What to work on >> Skip the images and print the listing exactly.

*** Begin section ***

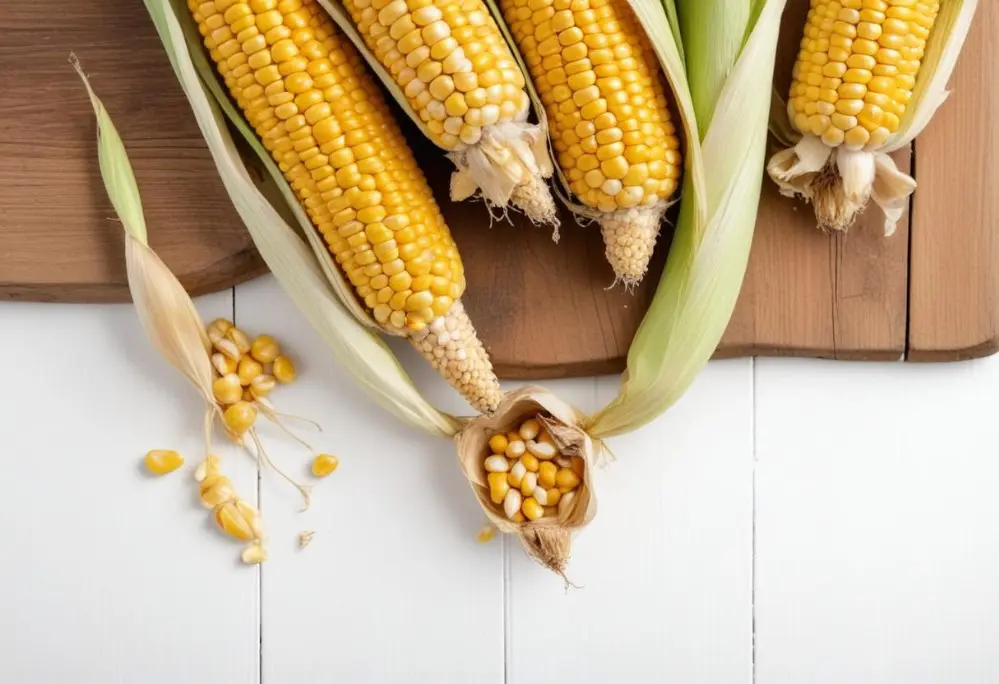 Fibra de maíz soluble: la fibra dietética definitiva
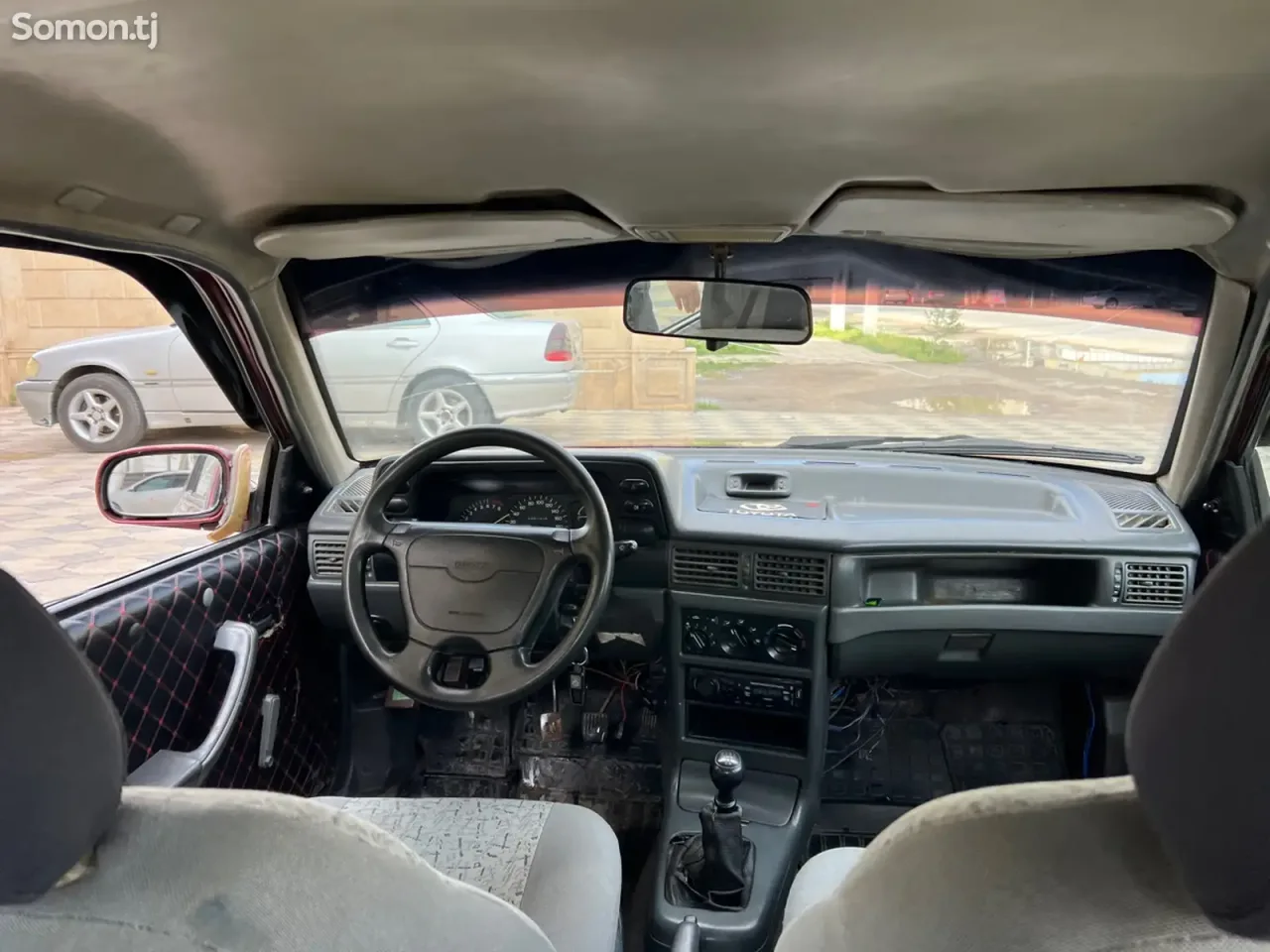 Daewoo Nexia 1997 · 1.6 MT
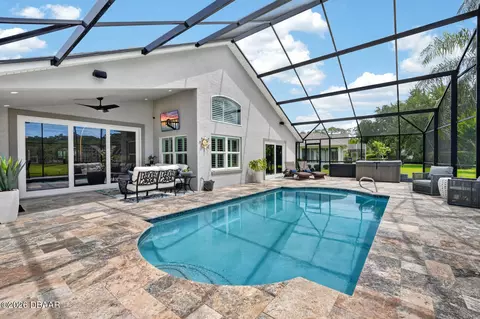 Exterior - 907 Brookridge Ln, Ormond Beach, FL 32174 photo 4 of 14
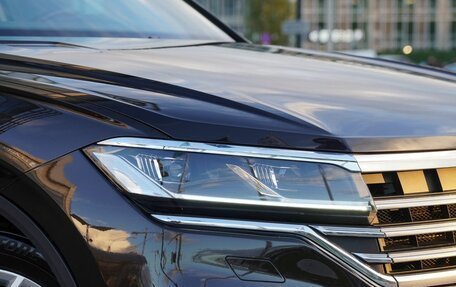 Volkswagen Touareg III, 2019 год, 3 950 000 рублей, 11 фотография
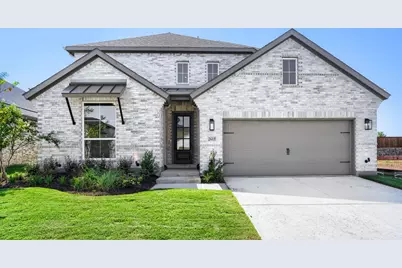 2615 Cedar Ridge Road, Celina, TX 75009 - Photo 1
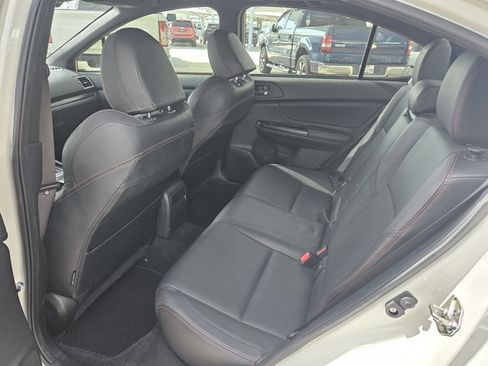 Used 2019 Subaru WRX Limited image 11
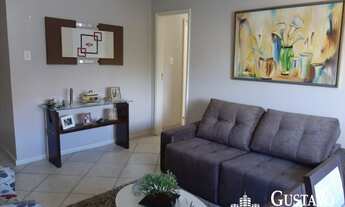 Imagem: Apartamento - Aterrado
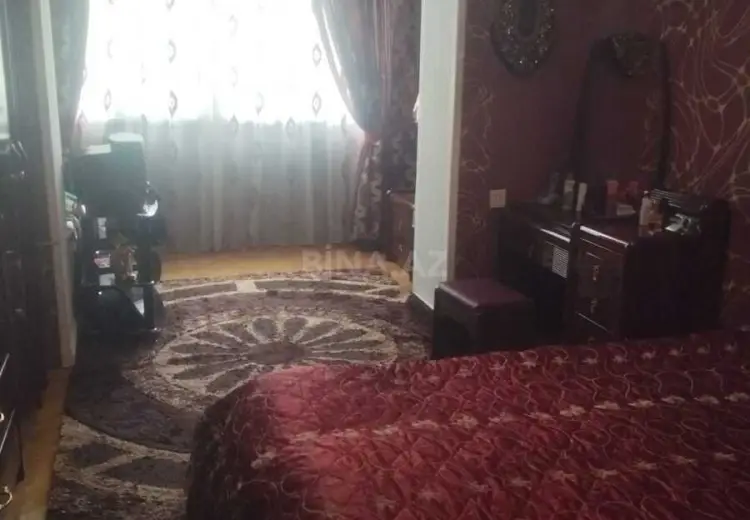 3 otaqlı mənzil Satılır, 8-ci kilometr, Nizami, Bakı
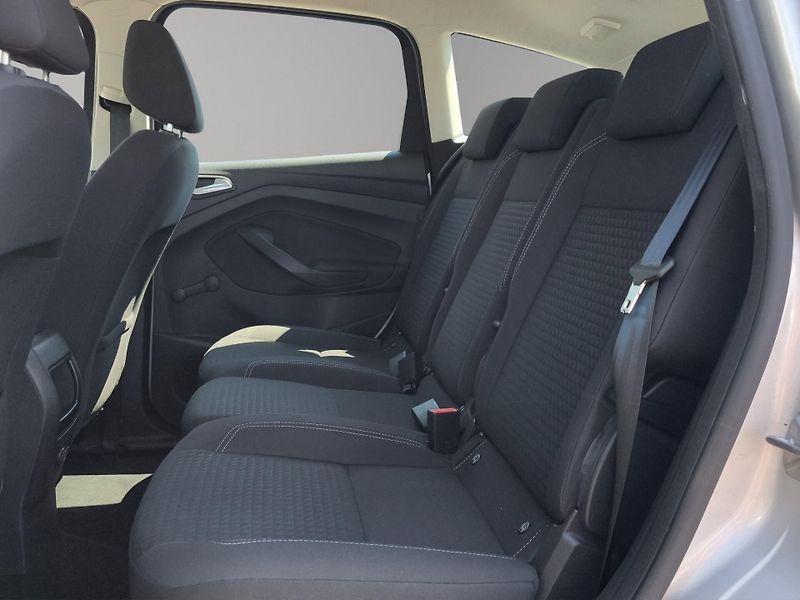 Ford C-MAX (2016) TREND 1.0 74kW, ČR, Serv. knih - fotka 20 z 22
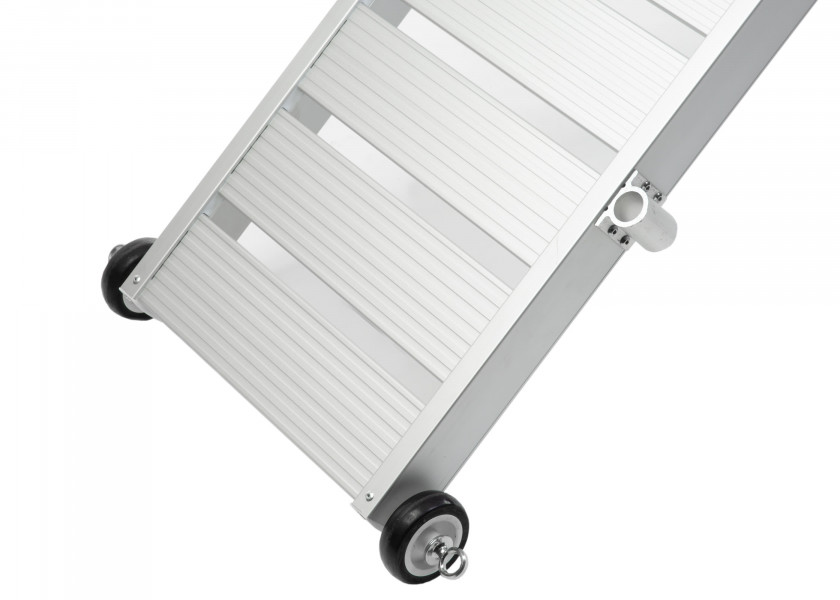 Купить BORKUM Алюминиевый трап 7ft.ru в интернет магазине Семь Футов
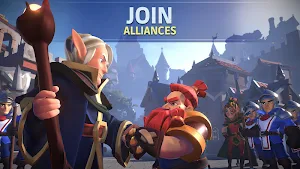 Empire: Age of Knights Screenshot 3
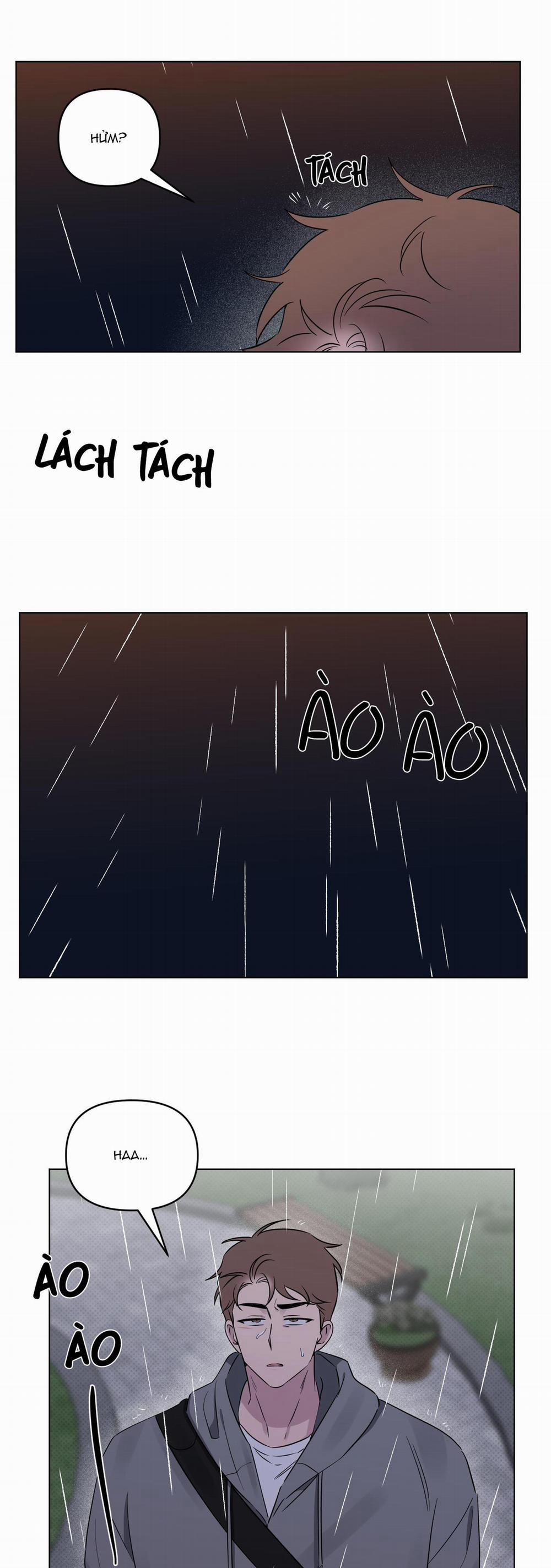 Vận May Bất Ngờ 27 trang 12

*** End section ***

Written answer >>
 Fibra de maíz soluble: la fibra dietética definitiva
 Daewoo Nexia 1997 · 1.6 MT
 Exterior - 907 Brookridge Ln, Ormond Beach, FL 32174 photo 4 of 14
 Volkswagen Touareg III, 2019 год, 3 950 000 рублей, 11 фотография
 2615 Cedar Ridge Road, Celina, TX 75009 - Photo 1
 Used 2019 Subaru WRX Limited image 11
 Imagem: Apartamento - Aterrado
 3 otaqlı mənzil Satılır, 8-ci kilometr, Nizami, Bakı
 Ford C-MAX (2016) TREND 1.0 74kW, ČR, Serv. knih - fotka 20 z 22
 Купить BORKUM Алюминиевый трап 7ft.ru в интернет магазине Семь Футов
 Empire: Age of Knights Screenshot 3
 Vận May Bất Ngờ 27 trang 12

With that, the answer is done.